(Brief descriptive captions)
- Opening Delimiter -

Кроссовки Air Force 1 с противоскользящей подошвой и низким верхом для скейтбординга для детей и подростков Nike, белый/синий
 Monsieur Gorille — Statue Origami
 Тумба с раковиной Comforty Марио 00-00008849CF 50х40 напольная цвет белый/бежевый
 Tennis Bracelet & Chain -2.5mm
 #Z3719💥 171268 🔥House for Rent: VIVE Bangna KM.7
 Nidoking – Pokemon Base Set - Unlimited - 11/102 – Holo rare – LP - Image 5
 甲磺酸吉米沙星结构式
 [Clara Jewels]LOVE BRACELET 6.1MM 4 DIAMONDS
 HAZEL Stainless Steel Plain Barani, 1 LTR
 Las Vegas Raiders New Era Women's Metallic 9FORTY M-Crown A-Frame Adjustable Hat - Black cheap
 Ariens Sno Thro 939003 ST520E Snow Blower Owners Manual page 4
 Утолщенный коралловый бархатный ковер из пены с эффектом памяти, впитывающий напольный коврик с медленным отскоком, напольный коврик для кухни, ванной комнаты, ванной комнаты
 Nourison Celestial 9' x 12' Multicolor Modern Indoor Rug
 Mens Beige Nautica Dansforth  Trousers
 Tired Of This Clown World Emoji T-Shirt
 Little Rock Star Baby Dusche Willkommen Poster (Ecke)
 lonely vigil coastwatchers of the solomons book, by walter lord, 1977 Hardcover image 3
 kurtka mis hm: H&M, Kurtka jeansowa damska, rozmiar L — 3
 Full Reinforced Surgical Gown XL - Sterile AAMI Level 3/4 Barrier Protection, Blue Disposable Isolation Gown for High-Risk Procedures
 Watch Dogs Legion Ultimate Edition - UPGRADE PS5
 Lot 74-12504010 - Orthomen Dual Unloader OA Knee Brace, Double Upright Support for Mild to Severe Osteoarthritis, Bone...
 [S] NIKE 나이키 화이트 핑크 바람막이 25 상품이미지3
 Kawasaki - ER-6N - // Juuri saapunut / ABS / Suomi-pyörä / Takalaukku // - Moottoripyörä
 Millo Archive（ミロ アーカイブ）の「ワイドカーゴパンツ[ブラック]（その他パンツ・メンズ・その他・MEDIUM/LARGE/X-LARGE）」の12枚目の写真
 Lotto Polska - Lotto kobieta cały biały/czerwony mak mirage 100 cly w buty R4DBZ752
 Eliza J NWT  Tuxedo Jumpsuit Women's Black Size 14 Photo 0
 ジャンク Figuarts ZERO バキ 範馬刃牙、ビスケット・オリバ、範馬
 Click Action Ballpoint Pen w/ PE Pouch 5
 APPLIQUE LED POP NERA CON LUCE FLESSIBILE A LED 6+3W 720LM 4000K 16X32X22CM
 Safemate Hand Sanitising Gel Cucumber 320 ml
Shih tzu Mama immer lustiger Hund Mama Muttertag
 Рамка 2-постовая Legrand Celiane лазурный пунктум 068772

- Closing Delimiter -

**WORK ORDER**
An exact repeat of the lines from the one containing "Nourison Celestial 9'" through the final line of the entries is the whole answer.

**RESULT OF THE TASK**
 Nourison Celestial 9' x 12' Multicolor Modern Indoor Rug
 Mens Beige Nautica Dansforth  Trousers
 Tired Of This Clown World Emoji T-Shirt
 Little Rock Star Baby Dusche Willkommen Poster (Ecke)
 lonely vigil coastwatchers of the solomons book, by walter lord, 1977 Hardcover image 3
 kurtka mis hm: H&M, Kurtka jeansowa damska, rozmiar L — 3
 Full Reinforced Surgical Gown XL - Sterile AAMI Level 3/4 Barrier Protection, Blue Disposable Isolation Gown for High-Risk Procedures
 Watch Dogs Legion Ultimate Edition - UPGRADE PS5
 Lot 74-12504010 - Orthomen Dual Unloader OA Knee Brace, Double Upright Support for Mild to Severe Osteoarthritis, Bone...
 [S] NIKE 나이키 화이트 핑크 바람막이 25 상품이미지3
 Kawasaki - ER-6N - // Juuri saapunut / ABS / Suomi-pyörä / Takalaukku // - Moottoripyörä
 Millo Archive（ミロ アーカイブ）の「ワイドカーゴパンツ[ブラック]（その他パンツ・メンズ・その他・MEDIUM/LARGE/X-LARGE）」の12枚目の写真
 Lotto Polska - Lotto kobieta cały biały/czerwony mak mirage 100 cly w buty R4DBZ752
 Eliza J NWT  Tuxedo Jumpsuit Women's Black Size 14 Photo 0
 ジャンク Figuarts ZERO バキ 範馬刃牙、ビスケット・オリバ、範馬
 Click Action Ballpoint Pen w/ PE Pouch 5
 APPLIQUE LED POP NERA CON LUCE FLESSIBILE A LED 6+3W 720LM 4000K 16X32X22CM
 Safemate Hand Sanitising Gel Cucumber 320 ml
Shih tzu Mama immer lustiger Hund Mama Muttertag
 Рамка 2-постовая Legrand Celiane лазурный пунктум 068772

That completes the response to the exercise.